Have you ever heard a word for the first time (or after a long time of not hearing it) and as soon as you’ve heard it, you hear it multiple times immediately afterward? That happened to me after I brought up eggs benedict in my post about the Green Onion Waffles with Huevos Rancheros yesterday. Soon after that, another cooking magazine posted a poll regarding eggs benedict on Facebook and a conversation ensued.

So, since eggs benedict keeps coming up, I feel it’s my responsibility to continue the discourse and make the Eggs Benedict with Herb-Roasted Asparagus and Bacon that the Deen brothers came up with and placed in their magazine. I love asparagus, bacon, eggs and hollandaise sauce so the only hurdle for me was the red pepper. I like them raw, but am not a fan of them cooked. I find that they overwhelm all other flavors.

I have another confession. I don’t own pre-packaged hollandaise sauce mixes. I’m actually pretty proud of that fact. When I make a hollandaise sauce, it’s from scratch. Alton Brown from Food Network has a very good recipe that is fail-proof if you take the time to follow the instructions exactly. It’s easy, but it does take time.

So, I made the hollandaise with my recipe and then added the herbs and dijon mustard as per the brothers instructions.

This dish is hard to complete in a way that ensures everything will be finished at the same time so all will be nice and hot, something I take a lot of pride in being able to accomplish when I make dinners. So, since I figured the bacon would get covered with the egg and hot hollandaise, I went ahead and fried it up before proceeding with anything else.

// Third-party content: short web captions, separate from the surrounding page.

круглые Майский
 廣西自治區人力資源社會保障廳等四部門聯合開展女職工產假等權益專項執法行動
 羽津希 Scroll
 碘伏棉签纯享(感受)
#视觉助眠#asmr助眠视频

I also made my eggs in a nifty poacher that’s for the microwave so I didn’t have to worry about changing temperatures and keeping the asparagus warm while the eggs were cooking. Mine’s from Nordicware and cost me about $3. It makes perfectly poached eggs in about a minute and I love it.

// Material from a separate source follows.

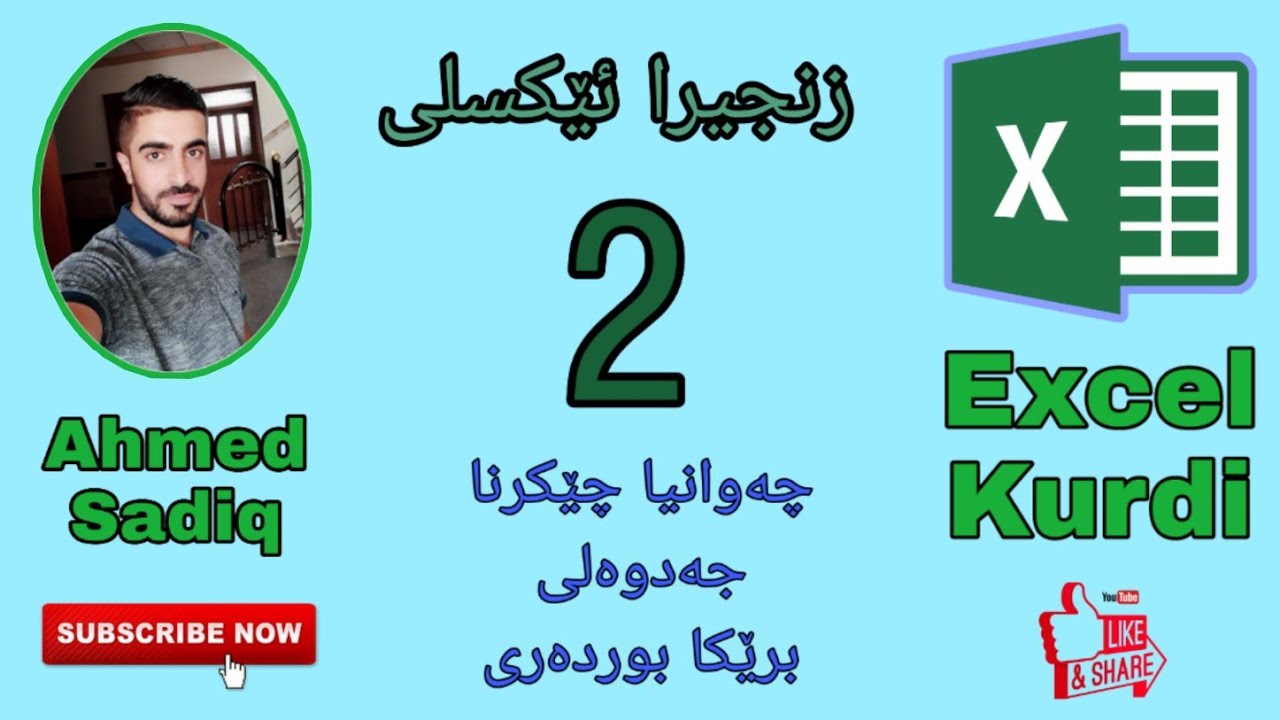 زنجیرا ئێکسلی ب زمانێ کوردی 2  چەوانیا چێکرنا جەدوەلی ب رێکا بوردەری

Putting the breakfast together was easy. Toasted and buttered English muffin goes on the plate, topped by a few spears of roasted asparagus (which was delicious all on it’s own) and some red pepper (no comment). Then A couple of slices of bacon go over the asparagus, the egg is careful placed on top of the stack and hollandaise sauce is drizzled over all.

My personal taste is that the addition of the dijon mustard did not add to the hollandaise but took away the delicate beauty of the sauce. I just didn’t like it. The red pepper did what I thought, so I removed it from the muffins after taking a bite and finshed the rest with the poor things sitting dejected on the side of the plate. I did love the asparagus and bacon as part of the dish though. In fact, when I make this at home I usually omit the Canadian bacon and just put the egg on the muffin and top that with the sauce.

This is an interesting recipe but to me it takes a delicate dish and uses two very bold flavors, dijon mustard and red pepper, which overwhelm it and lessen its specialness.